Moving onto shopping. I have told myself that i must really stop buying little things immediately because i need to save up for four larger purchases.
  1. Insurance/Driving School
    I've come to realization that i only have 2 years to get my G and i am royally fukked hence the need to speed up the process and pray that it will come easy to me. I've been procrastinating since 2007 lol
  2. Passport
    I have all my forms filled, i just need to go take that photo and head over to the passport office @ STC to get this over with lol This too, I've been procrastinating since 2007.
  3. Winter Jacket
    Whether it be a TNA Jacket, a CND Goose, or some other brand one. I really would like to have a new one. I told myself since year 3, my graduate year WILL be the year i get a TNA jacket but i'm very hesitant because this year for some lame reason they only have the jackets made in Black, and i think either Brown or Green. All of which is not what i wanted because my heart was set out on purchasing the dark Navy blue one, and my second choice would have been the gray. Now since both my first (kind of my only choice) and second (passable) choice are not even MADE this year, i really don't want to even get it because everyone has the black one and the other two colors don't appeal to me. Thinking back, the one jacket i am literally HUNTING for is this gorgeous Zoo York one that i saw back in 07. Think TNA jacket but dark navy blue and red plaided-insides. Absolutely gorgeous and unfortunately i let that one slip by for only $225-ish. That's my winter jacket tale. 
  4. New Glasses
    Fairly straight-forward, i'm tired of my current D&G ones, they've been horribly scratched up, abused and bent by me and i want to discard them for a pair of black Roberto Cavailli's that i've seen once make a special appearance on Sex & the City. i doubt l can find the same ones but l'll settle for anything similar.
  5. MAYBE MAYBE- Uggs
    Alright i know the mister AND my cousin are intensely against me buying it (lol) and becoming a bear but i noticed the three boots i bought during my little insane spree are not really....erm warm and comfortable per say.... I know i totally deserve losing a toe or two for spending so much money on 3 pairs of Gossip Girl-like styled boots but i really need something comfortable for work......which is where Uggs come in!!!!! A pair of Classic Mini's in either Chestnut or Chocolate isn't asking for too much.....!!??? This of course is not a priority,which would let me of the hook for a bit.

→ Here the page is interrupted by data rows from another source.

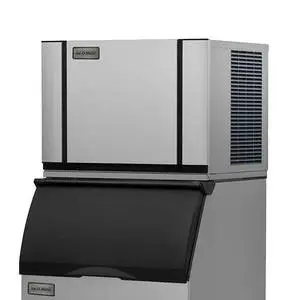 Ice-O-Matic Elevation Series 305lb HalfCube Air Cooled Ice Machine & Bin - CIM0330HA+B40PS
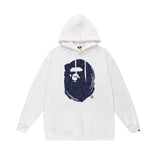 Bathing Ape Hoodie Autumn/Winter Letter Print Loose Hoodie Pullover Ape Sweater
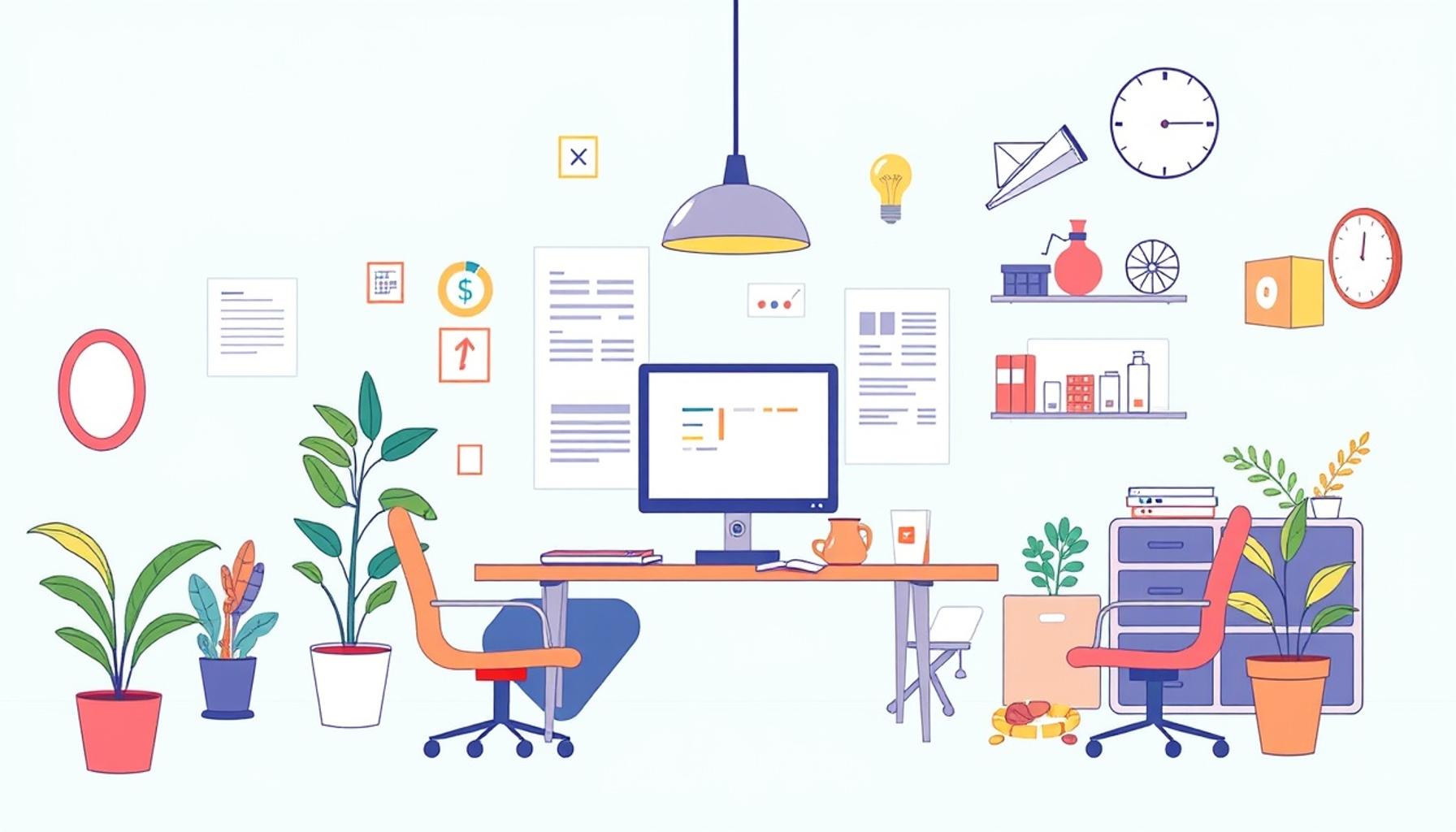 Organization of Shared Workspaces: Minimalist Approaches to Promote Collaboration and Clarity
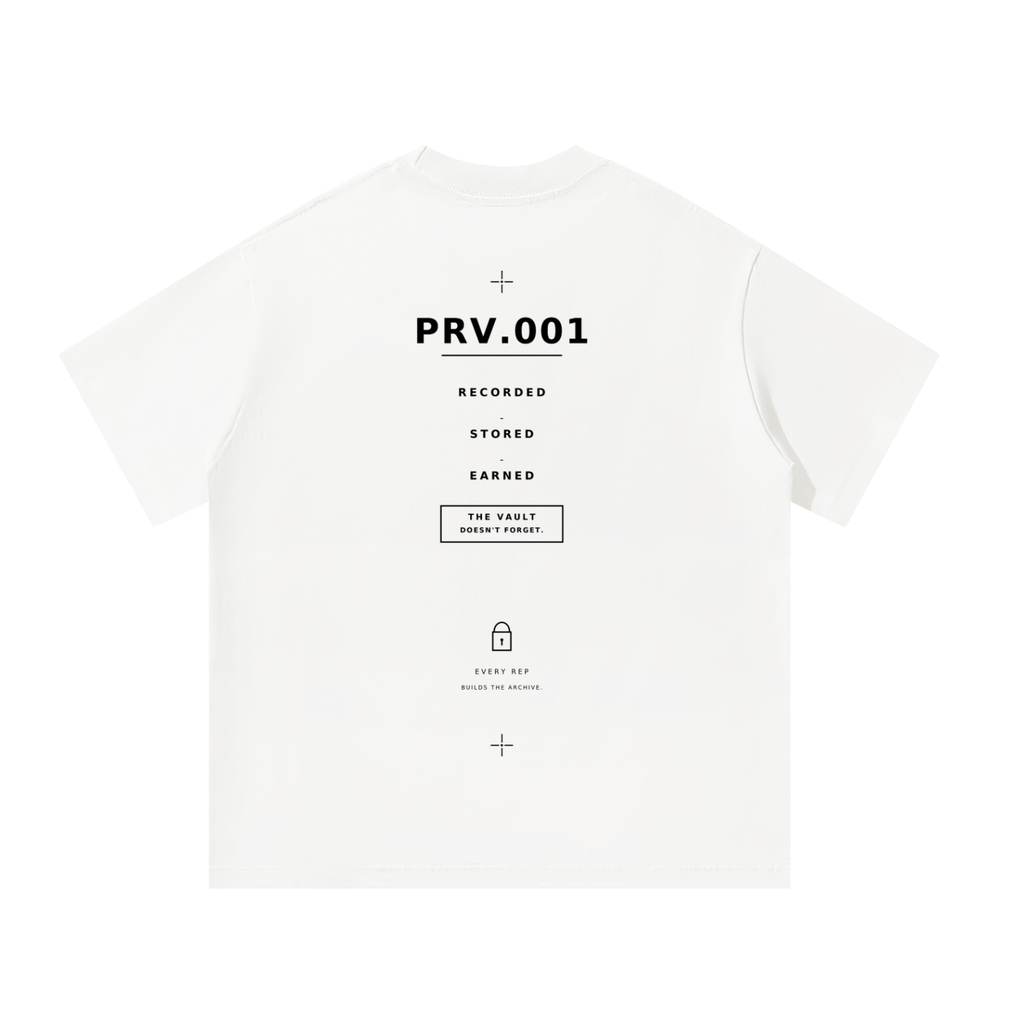 PR Vault Oversized Tee | Drop 001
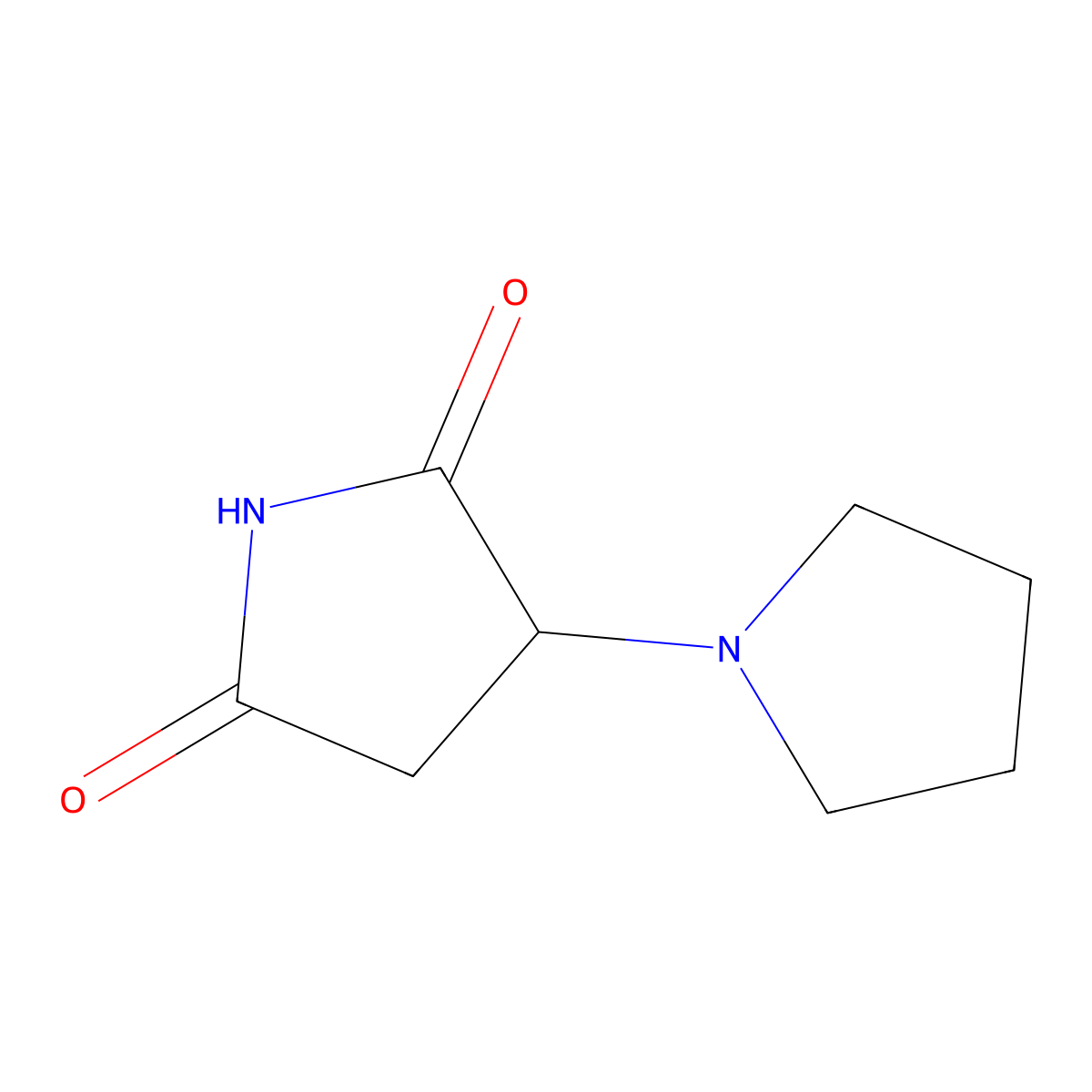 3-(Pyrrolidin-1-yl)pyrrolidine-2,5-dione molecular structure, CAS 7685-87-2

That summarizes up the four (and one maybe) large purchases that i want to make and it's definitely going to be costly and be paid entirely by only yours truly. Yes even the glasses because i have no benefits!!!!!!!! Sighs.

Ah, i think i might have wanted to type more but its 10pm and i need sleep to face the day tomorrow. No Body Pump for me tmr because i pretty certain i'm staying late again.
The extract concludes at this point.